## Exercise objective:
Your answer should be only the lines below from the one with "93 West - Photo 20" to the one with "One-bedroom apartment in", repeated exactly, ends included.

(Saved data entries)
== Segment start ==
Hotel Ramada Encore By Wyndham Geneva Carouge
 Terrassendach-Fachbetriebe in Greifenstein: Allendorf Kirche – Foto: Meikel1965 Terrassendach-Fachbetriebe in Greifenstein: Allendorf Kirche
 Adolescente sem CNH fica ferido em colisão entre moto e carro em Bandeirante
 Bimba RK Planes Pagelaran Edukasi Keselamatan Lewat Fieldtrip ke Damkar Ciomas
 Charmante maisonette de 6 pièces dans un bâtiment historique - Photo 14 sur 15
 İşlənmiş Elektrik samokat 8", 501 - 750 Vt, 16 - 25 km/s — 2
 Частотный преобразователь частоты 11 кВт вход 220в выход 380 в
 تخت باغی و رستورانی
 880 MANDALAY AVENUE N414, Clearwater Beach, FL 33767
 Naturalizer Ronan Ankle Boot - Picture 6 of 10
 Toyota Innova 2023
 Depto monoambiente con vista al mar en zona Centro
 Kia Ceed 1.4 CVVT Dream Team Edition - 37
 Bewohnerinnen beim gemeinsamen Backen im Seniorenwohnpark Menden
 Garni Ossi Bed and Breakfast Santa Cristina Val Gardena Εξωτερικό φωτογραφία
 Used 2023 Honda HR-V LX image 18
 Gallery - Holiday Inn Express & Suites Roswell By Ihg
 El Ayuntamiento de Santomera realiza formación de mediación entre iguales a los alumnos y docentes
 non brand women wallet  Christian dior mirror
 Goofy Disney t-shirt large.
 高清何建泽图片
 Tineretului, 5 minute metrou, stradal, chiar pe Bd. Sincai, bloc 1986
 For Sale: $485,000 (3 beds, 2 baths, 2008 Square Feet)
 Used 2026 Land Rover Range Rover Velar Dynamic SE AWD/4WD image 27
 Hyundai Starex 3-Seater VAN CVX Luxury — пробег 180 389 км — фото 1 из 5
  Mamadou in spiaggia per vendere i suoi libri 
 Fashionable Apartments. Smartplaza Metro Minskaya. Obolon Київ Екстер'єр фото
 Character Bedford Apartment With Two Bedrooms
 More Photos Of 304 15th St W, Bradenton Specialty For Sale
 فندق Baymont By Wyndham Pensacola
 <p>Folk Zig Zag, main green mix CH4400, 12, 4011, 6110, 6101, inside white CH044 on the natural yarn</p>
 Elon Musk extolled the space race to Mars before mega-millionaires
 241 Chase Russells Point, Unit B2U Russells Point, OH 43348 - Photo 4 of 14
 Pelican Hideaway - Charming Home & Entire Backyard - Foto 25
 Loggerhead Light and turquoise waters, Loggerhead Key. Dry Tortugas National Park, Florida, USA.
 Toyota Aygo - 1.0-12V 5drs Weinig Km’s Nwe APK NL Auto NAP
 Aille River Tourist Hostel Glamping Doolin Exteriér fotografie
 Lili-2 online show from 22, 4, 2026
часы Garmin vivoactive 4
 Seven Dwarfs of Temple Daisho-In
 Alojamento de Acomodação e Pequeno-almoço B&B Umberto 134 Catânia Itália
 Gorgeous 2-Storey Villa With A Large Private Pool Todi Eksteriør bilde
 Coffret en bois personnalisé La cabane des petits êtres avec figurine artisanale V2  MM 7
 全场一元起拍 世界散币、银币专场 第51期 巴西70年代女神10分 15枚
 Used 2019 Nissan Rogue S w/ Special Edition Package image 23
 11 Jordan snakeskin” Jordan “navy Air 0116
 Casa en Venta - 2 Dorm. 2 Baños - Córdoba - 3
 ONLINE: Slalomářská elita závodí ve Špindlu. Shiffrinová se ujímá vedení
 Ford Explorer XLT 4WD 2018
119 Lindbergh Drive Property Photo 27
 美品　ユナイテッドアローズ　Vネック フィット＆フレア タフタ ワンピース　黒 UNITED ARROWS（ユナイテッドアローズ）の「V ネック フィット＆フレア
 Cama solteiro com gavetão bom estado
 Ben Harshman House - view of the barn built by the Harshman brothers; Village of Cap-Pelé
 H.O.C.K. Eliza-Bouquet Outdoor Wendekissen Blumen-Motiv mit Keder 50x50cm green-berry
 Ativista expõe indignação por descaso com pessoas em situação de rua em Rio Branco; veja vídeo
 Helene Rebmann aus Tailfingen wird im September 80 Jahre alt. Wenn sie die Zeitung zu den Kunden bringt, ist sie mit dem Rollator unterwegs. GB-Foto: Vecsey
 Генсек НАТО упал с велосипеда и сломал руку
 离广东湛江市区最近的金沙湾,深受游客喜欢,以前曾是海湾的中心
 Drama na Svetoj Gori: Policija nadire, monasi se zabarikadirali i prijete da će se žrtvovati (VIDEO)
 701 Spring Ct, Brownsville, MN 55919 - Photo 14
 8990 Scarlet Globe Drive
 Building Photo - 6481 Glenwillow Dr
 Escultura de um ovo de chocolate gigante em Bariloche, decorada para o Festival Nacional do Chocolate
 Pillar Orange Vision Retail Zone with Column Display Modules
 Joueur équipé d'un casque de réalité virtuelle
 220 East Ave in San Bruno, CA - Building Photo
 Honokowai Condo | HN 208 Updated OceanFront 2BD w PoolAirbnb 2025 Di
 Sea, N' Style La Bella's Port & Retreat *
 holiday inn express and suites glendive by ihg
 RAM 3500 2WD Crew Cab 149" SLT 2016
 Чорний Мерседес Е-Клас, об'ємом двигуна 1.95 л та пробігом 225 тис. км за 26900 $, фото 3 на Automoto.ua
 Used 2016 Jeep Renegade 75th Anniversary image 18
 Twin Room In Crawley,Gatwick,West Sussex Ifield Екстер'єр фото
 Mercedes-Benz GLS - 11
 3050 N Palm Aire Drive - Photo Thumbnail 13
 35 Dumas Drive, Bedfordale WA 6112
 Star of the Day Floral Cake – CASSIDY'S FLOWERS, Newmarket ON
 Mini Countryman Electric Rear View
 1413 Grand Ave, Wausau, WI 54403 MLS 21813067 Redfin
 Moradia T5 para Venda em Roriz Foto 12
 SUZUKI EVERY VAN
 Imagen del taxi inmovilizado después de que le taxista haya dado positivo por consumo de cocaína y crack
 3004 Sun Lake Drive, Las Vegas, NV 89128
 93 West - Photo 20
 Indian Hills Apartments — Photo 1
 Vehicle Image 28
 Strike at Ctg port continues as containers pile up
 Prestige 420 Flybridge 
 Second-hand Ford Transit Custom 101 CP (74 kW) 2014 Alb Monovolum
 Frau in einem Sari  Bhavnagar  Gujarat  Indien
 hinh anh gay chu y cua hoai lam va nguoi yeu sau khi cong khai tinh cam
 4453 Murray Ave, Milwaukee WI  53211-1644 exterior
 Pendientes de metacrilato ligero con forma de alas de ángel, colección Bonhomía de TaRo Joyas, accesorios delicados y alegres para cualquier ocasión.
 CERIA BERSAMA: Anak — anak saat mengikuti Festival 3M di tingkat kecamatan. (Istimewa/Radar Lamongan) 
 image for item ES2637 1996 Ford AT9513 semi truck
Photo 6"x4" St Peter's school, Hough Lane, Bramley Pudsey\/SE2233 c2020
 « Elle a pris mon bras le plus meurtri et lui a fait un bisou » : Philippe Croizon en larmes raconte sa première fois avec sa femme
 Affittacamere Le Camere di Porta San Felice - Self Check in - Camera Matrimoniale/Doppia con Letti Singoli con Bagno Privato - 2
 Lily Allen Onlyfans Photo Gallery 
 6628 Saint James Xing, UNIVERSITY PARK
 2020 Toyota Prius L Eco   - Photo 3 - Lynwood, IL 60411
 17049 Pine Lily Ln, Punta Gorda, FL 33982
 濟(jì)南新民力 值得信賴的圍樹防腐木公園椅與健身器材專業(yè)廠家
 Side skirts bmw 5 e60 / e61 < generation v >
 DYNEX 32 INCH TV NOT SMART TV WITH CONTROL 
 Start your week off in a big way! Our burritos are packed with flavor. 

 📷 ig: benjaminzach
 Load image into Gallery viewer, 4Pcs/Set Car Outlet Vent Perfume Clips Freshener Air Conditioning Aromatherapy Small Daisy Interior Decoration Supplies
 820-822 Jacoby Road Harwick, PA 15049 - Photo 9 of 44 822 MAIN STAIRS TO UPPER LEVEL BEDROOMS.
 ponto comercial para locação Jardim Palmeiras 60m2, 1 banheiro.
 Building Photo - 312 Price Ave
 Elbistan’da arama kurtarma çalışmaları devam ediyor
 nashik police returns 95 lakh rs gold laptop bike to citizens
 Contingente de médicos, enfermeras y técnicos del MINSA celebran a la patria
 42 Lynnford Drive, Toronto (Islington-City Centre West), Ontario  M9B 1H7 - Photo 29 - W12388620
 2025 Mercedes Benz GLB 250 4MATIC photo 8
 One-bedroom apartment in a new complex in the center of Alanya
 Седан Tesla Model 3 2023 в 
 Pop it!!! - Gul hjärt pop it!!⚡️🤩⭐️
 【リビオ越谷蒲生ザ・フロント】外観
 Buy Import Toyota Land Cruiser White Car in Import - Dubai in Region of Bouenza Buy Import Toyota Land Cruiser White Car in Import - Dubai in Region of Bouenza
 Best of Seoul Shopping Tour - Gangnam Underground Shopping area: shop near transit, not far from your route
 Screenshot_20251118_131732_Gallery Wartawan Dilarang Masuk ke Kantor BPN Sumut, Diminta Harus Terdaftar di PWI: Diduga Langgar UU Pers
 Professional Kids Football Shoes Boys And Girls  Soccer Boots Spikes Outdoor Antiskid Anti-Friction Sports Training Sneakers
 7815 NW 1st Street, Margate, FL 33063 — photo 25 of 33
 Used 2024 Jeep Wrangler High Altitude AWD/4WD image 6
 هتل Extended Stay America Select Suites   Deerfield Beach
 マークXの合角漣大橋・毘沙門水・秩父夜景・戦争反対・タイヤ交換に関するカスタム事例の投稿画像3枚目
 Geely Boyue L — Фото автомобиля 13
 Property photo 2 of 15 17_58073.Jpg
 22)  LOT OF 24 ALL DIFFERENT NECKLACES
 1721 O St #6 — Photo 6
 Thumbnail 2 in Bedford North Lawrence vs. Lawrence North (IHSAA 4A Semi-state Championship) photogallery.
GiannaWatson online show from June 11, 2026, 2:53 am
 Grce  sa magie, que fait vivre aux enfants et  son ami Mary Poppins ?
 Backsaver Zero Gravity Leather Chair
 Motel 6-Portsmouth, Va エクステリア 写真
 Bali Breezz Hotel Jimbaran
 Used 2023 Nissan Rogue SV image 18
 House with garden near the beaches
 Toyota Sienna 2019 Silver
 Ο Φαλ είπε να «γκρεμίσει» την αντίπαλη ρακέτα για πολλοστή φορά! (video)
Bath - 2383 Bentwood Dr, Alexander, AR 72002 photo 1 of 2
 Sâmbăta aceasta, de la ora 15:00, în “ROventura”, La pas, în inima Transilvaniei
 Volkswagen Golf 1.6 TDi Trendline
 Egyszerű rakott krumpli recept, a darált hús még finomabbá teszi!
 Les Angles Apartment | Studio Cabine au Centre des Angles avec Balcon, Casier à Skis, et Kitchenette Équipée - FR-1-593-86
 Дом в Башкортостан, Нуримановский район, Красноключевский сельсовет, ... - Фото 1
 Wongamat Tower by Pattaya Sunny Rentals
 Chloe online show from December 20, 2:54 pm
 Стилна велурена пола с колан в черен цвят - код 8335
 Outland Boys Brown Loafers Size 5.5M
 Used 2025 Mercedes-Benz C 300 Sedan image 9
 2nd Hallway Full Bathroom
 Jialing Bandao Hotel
== Segment end ==
## Task response:
 93 West - Photo 20
 Indian Hills Apartments — Photo 1
 Vehicle Image 28
 Strike at Ctg port continues as containers pile up
 Prestige 420 Flybridge 
 Second-hand Ford Transit Custom 101 CP (74 kW) 2014 Alb Monovolum
 Frau in einem Sari  Bhavnagar  Gujarat  Indien
 hinh anh gay chu y cua hoai lam va nguoi yeu sau khi cong khai tinh cam
 4453 Murray Ave, Milwaukee WI  53211-1644 exterior
 Pendientes de metacrilato ligero con forma de alas de ángel, colección Bonhomía de TaRo Joyas, accesorios delicados y alegres para cualquier ocasión.
 CERIA BERSAMA: Anak — anak saat mengikuti Festival 3M di tingkat kecamatan. (Istimewa/Radar Lamongan) 
 image for item ES2637 1996 Ford AT9513 semi truck
Photo 6"x4" St Peter's school, Hough Lane, Bramley Pudsey\/SE2233 c2020
 « Elle a pris mon bras le plus meurtri et lui a fait un bisou » : Philippe Croizon en larmes raconte sa première fois avec sa femme
 Affittacamere Le Camere di Porta San Felice - Self Check in - Camera Matrimoniale/Doppia con Letti Singoli con Bagno Privato - 2
 Lily Allen Onlyfans Photo Gallery 
 6628 Saint James Xing, UNIVERSITY PARK
 2020 Toyota Prius L Eco   - Photo 3 - Lynwood, IL 60411
 17049 Pine Lily Ln, Punta Gorda, FL 33982
 濟(jì)南新民力 值得信賴的圍樹防腐木公園椅與健身器材專業(yè)廠家
 Side skirts bmw 5 e60 / e61 < generation v >
 DYNEX 32 INCH TV NOT SMART TV WITH CONTROL 
 Start your week off in a big way! Our burritos are packed with flavor. 

 📷 ig: benjaminzach
 Load image into Gallery viewer, 4Pcs/Set Car Outlet Vent Perfume Clips Freshener Air Conditioning Aromatherapy Small Daisy Interior Decoration Supplies
 820-822 Jacoby Road Harwick, PA 15049 - Photo 9 of 44 822 MAIN STAIRS TO UPPER LEVEL BEDROOMS.
 ponto comercial para locação Jardim Palmeiras 60m2, 1 banheiro.
 Building Photo - 312 Price Ave
 Elbistan’da arama kurtarma çalışmaları devam ediyor
 nashik police returns 95 lakh rs gold laptop bike to citizens
 Contingente de médicos, enfermeras y técnicos del MINSA celebran a la patria
 42 Lynnford Drive, Toronto (Islington-City Centre West), Ontario  M9B 1H7 - Photo 29 - W12388620
 2025 Mercedes Benz GLB 250 4MATIC photo 8
 One-bedroom apartment in a new complex in the center of Alanya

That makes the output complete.